The physical proximity of the gate resistors to the gate terminals as simple gate design in combination with the reduced stray inductances leads to improved performance and excellent switching behavior of the CoolMOS™ transistors. A turn-ON waveform of the proposed driving circuit design is given in Figure 6. It shows a clean gate signal free of oscillations and the drain-source voltage slowly ramping down to 0V during the Miller plateau region, too.
Figure 6: Turn-ON waveforms at DC-link voltage VDC = 320 V and load current IL = 2.5 A. VDS (red, 50 V/div), IL (green, 1 A/div), VGS (blue, 10 V/div), PWM (yellow, 5 V/div), time scale 1 µs/div]
The same behavior can be expected for the other two switching bridges given that the layout and driving circuit is the same.

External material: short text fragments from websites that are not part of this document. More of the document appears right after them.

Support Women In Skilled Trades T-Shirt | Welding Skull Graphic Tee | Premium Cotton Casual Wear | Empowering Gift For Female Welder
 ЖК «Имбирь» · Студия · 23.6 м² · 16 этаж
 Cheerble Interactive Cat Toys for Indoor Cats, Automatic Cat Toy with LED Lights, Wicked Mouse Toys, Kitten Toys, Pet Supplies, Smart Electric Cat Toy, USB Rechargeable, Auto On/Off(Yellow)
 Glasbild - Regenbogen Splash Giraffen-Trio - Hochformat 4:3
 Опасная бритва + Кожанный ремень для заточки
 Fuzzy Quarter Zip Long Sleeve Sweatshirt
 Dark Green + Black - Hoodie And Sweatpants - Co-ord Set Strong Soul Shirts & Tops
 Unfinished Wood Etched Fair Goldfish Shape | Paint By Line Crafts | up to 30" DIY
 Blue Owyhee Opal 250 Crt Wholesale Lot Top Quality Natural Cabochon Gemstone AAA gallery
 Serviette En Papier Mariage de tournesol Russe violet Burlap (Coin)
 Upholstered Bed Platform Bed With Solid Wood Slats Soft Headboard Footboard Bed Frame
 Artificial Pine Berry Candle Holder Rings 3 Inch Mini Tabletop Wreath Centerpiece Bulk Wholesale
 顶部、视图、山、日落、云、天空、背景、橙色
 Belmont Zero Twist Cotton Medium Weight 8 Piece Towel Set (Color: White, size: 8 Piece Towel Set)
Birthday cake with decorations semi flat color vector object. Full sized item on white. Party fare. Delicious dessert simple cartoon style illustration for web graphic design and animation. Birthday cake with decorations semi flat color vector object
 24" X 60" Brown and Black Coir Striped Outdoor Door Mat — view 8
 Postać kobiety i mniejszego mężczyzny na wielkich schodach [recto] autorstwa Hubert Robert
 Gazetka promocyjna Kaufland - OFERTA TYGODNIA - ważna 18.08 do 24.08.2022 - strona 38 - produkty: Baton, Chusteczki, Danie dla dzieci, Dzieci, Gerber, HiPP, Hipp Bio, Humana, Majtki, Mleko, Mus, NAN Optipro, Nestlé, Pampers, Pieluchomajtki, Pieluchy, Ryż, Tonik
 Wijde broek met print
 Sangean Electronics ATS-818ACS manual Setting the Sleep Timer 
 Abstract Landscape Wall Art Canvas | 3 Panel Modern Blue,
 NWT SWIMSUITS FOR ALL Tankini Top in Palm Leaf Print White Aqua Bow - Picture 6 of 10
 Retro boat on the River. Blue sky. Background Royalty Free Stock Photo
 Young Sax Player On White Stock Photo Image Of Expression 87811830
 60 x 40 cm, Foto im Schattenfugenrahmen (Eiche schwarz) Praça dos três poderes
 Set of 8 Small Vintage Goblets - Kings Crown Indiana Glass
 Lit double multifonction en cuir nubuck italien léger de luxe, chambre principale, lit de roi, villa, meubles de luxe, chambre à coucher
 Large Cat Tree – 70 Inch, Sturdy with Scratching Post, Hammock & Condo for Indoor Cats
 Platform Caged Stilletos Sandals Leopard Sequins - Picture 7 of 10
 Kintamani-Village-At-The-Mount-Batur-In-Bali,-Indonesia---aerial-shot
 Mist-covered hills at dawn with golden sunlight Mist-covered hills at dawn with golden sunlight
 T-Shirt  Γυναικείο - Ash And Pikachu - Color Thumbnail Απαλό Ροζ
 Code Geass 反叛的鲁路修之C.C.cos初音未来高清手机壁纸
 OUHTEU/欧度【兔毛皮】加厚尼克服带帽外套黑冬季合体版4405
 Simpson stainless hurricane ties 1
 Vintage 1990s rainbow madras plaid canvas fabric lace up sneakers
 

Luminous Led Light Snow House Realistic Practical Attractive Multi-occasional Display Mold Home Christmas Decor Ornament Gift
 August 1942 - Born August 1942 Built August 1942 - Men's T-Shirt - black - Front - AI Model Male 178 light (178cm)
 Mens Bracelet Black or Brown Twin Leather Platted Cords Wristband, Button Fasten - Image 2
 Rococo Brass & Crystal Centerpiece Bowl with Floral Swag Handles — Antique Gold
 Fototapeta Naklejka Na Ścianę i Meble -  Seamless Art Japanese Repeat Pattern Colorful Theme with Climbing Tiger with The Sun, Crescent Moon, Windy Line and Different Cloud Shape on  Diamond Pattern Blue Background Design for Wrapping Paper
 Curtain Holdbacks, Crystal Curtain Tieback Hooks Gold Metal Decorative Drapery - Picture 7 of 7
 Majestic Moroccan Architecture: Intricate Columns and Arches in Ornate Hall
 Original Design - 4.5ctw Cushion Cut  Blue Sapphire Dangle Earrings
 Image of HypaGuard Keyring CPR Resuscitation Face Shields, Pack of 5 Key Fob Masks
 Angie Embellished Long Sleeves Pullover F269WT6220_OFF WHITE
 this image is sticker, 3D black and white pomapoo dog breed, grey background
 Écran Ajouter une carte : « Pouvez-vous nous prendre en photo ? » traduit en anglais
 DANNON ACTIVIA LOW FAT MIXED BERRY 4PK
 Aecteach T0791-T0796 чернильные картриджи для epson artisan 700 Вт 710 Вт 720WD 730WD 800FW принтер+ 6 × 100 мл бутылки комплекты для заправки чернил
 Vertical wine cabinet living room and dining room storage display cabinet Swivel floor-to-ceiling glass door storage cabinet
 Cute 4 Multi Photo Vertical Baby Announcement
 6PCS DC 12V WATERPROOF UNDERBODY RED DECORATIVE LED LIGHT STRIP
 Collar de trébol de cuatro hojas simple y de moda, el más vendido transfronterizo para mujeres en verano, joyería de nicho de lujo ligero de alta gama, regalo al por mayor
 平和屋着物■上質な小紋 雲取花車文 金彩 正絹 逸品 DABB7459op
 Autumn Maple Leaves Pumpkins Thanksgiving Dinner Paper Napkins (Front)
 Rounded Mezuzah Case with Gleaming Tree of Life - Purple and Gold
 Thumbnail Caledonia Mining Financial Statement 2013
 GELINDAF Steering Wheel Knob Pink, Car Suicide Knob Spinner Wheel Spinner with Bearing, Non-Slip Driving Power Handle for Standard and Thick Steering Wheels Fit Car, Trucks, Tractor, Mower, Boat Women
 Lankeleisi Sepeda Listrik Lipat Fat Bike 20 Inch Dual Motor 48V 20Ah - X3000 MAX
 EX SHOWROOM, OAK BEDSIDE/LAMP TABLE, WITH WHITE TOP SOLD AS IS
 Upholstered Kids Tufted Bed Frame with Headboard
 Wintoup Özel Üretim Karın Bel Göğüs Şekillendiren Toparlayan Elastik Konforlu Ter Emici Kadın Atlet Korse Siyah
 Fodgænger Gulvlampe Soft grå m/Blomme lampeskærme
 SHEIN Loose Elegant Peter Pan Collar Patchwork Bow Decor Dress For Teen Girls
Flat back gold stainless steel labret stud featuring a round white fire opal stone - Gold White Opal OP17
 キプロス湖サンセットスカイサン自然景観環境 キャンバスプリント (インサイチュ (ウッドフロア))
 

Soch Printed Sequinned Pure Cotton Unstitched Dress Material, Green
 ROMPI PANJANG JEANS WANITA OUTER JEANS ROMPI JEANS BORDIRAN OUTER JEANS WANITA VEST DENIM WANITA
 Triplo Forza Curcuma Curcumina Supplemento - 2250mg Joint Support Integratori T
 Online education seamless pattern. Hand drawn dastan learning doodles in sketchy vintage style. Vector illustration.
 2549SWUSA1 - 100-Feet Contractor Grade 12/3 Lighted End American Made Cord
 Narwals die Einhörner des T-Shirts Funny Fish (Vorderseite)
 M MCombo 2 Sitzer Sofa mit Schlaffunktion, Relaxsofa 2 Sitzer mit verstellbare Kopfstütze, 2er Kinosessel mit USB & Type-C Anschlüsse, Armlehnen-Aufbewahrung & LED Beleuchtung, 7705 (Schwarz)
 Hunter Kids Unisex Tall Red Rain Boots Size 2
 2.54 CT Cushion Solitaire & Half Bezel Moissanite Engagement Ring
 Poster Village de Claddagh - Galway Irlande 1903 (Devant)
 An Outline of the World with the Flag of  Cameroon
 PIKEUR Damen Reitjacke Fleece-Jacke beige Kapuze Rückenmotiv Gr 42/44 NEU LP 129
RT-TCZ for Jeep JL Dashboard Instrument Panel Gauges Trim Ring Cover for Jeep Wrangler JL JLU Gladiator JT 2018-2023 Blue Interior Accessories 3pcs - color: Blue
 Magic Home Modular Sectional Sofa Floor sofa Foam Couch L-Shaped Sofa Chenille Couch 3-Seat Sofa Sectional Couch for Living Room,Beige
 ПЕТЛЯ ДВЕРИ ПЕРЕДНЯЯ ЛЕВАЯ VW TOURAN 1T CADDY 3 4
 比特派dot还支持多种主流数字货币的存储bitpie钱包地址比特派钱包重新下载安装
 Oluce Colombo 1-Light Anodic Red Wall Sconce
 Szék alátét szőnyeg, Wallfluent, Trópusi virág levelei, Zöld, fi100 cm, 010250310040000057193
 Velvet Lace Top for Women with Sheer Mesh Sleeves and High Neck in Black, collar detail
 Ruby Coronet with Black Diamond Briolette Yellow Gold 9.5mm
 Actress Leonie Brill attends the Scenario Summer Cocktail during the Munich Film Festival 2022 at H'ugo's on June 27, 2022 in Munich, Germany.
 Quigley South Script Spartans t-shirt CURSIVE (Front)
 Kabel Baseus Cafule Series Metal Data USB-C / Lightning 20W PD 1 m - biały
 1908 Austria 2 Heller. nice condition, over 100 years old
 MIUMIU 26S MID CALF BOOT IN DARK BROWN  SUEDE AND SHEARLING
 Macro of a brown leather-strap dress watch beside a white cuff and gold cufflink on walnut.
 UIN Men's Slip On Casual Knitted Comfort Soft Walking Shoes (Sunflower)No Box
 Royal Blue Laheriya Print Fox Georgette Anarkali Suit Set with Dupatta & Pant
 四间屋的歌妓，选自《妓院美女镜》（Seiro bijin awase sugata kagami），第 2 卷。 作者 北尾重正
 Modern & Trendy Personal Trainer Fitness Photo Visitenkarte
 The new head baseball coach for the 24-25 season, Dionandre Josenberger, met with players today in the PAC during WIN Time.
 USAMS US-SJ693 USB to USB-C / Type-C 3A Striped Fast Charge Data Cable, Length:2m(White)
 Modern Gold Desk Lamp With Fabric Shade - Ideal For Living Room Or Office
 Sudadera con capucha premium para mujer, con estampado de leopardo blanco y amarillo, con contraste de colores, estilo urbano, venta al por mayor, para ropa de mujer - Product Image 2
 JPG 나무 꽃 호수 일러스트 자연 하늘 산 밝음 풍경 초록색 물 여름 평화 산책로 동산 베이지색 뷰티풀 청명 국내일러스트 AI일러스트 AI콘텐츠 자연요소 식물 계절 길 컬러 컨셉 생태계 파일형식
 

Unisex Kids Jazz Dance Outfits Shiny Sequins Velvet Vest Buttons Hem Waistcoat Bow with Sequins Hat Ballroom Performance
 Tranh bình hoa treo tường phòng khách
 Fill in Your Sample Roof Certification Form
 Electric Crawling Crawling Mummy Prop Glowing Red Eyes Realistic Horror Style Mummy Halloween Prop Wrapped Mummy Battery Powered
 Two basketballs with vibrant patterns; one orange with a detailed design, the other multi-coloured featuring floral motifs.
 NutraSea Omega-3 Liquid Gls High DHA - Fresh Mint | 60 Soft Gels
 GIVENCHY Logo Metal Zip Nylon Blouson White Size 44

Higher Efficiency with CoolMOSTM CFD2
CoolMOSTM CFD2 offers efficiency benefits in motor drive applications. The proposed gate drive circuit design using the EiceDRIVER 2EDL family ensures an oscillation-free switching. This leads to the conclusion that CoolMOSTM CFD2 can be efficiently and reliably operated in drives systems. Additionally, Infineon´s silicon on insulator (SOI) technology, which is used for the 2EDL family, provides a high robustness with respect to dv/dt in motor drive applications and excellent controllability of CoolMOS CFD2.
About the Author
Wolfgang Frank is the Principal Engineer for Product Definition and Concept of gate driver ICs at Infineon Technologies, Augsburg, Germany. Earning his degree in Power Engineering from Technical University, Munich, he has worked in power engineering for over 20 years.
- R. Mente, F. Di Domenico, M.A. Kutschak, A. Steiner: CoolMOS™ CFD2 first 650 V rated super junction MOSFET with fast body diode suitable for resonant topologies, Application Note, Infineon Technologies, February 2011.
- W. Choi, D. Son, M. Hallenberger S. Young: Driving and Layout Requirements for Fast Switching MOSFETs, Fairchild Semiconductor Power Seminar 2010-2011, Fairchild, 2011.
- J. Song, W. Frank: Robustness of level shifter gate driver ICs concerning negative gate voltages; Proceedings of PCIM 2015, Nuremberg, Germany, 2015.